Refactoring Automated Test Scripts with the Strategy Pattern: Design and Python Implementation

In automated testing, the growing number of scripts and evolving business scenarios expose the limitations of hard‑coded conditional logic, leading to low reusability and high maintenance cost. The article proposes a layered refactor using the Strategy design pattern to encapsulate each algorithm as an independent class.

Pain points : frequent changes in upstream processes require script modifications; duplicated if/elif branches become error‑prone and hard to scale.

Design theory : applying high cohesion and low coupling principles, the framework separates concerns by defining an abstract algorithm base, concrete strategy classes, and a context that selects the appropriate strategy at runtime.

Strategy pattern definition : it encapsulates a family of algorithms, hides branching code, and allows interchangeable use without affecting clients, supporting the Open/Closed principle.

Advantages : decoupled code, easier maintenance, avoidance of deep conditional trees, runtime algorithm switching, and extensibility without modifying existing context code.
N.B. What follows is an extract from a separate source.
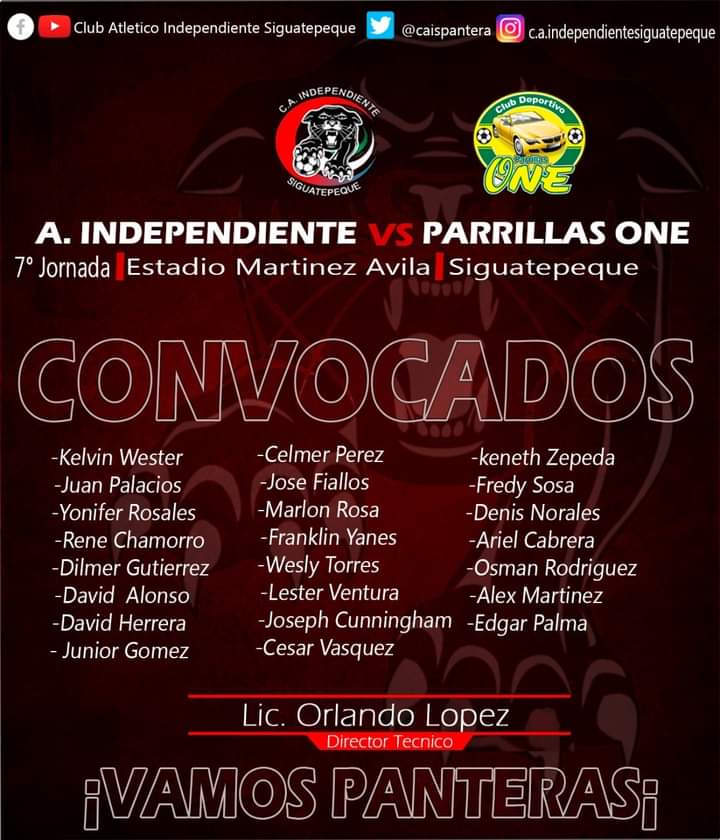 ATLETICO INDEPENDIENTE SIGUATEPEQUE on X: En Dios Nosotros Confiamos! C.A  INDEPENDIENTE 🆚 PARRILLAS ONE 🗓 Domingo 28-Marzo 🏟 R. Martínez Ávila 🕕  6:00P.M. ¡Vamos Panteras! #LoMejorDeDiosEstaPorVenir #IndeSOY  #ElEquipoDelPueblo #Siguatepeque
Disadvantages : added boilerplate when algorithms are stable and the need to understand all concrete strategies.

Solution approach :

1. Extract frequently changed logic into separate algorithm classes.

2. Define an abstract base class with read_params and execute methods.
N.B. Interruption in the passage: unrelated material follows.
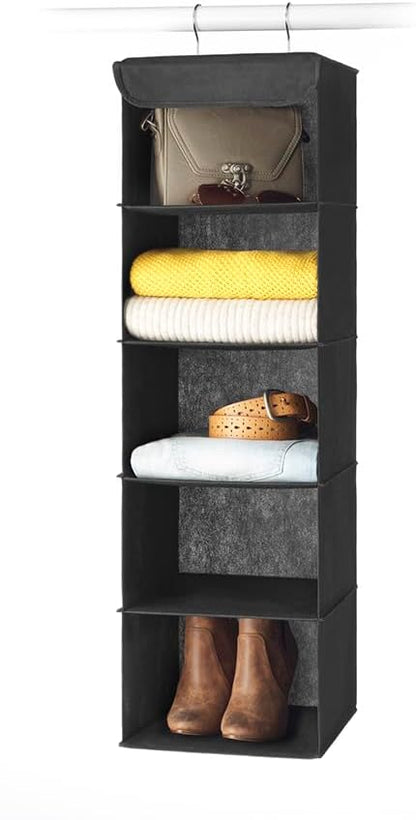 5 Section Closet Organizer - Hanging Shelves with Sturdy Metal Frame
3. Implement concrete strategies (e.g., CreateTFCEnquiryBill, CreateECLPClodEnquiryBill) that override these methods.

4. Build a context class ( AlgorithmStrategy) that holds a reference to the chosen strategy and delegates execution.
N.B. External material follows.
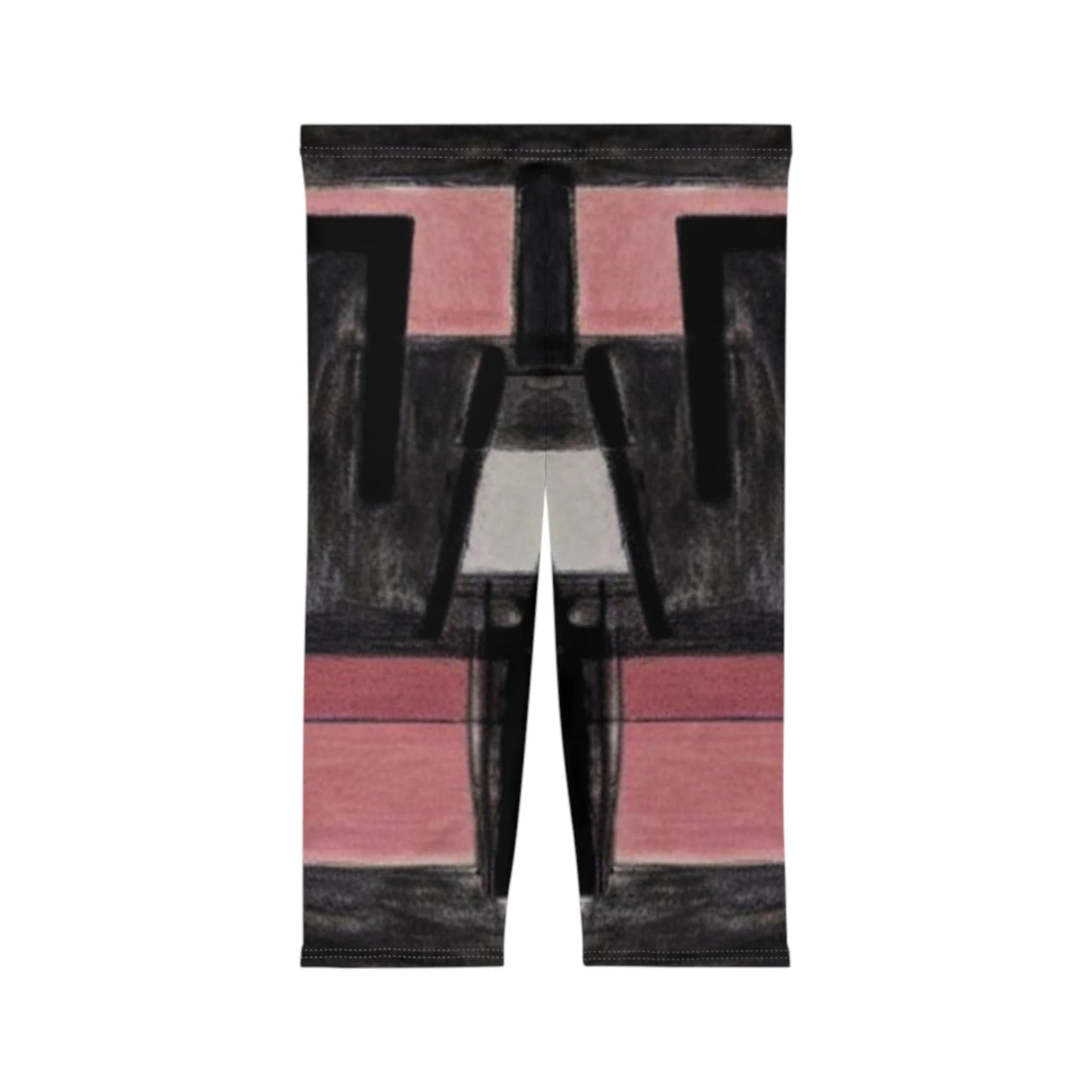 Women’S Capri Leggings PINK SQUARES by Queennoble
5. Register strategies in a dictionary for dynamic lookup and invoke them from test cases.

Code examples :

【python】

def receive_enquiry_bill(**kwargs):
    params = [{}]
    params[0].update(kwargs)
    if params[0].get("enquirySource") == 8:
        pass
    elif params[0].get("enquiryWay") == 2 and params[0].get("payMode") == 2:
        pass
    elif params[0].get("enquiryWay") == 2 and params[0].get("payMode") == 3:
        pass
    if params[0].get("enquirySource") == 46:
        pass
    if params[0].get("enquirySource") == 20:
        pass

【python】

class AlgorithmStrategy(object):
    def __init__(self, algorithm_name):
        self.algorithm_name = algorithm_name

    @property
    def algorithm(self):
        return self.algorithm_name

    @algorithm.setter
    def algorithm(self, name):
        self.algorithm_name = name

    def execute_algorithm(self, params):
        return self.algorithm_name.execute(params)

【python】

class CreateEnquiryBillBaseAlgorithm(ABC):
    @abstractmethod
    def read_params(self, **kwargs):
        scenario = kwargs.get('scenario', 'base')
        # implementation omitted for brevity

    @abstractmethod
    def execute(self, params):
        return jsf_receive_enquiry_bill(data=json.dumps(params))

【python】

class CreateTFCEnquiryBill(CreateEnquiryBillBaseAlgorithm):
    def read_params(self, **kwargs):
        params = super().read_params(**kwargs)
        params[0].update({
            "businessCode": kwargs.get('businessCode', f"TJ{laputa_util.date_time_str(fmt='%y%m%d')}{laputa_util.get_random_num(8)}"),
            "receiveBeginTime": tms_util.data_time_str(minutes=100),
            "deliveryBeginTime": tms_util.data_time_str(minutes=180)
        })
        return params

    def execute(self, params):
        return super().execute(params)

The refactored design enables test engineers to add new business algorithms simply by creating a new strategy class and registering it, without touching the existing framework code.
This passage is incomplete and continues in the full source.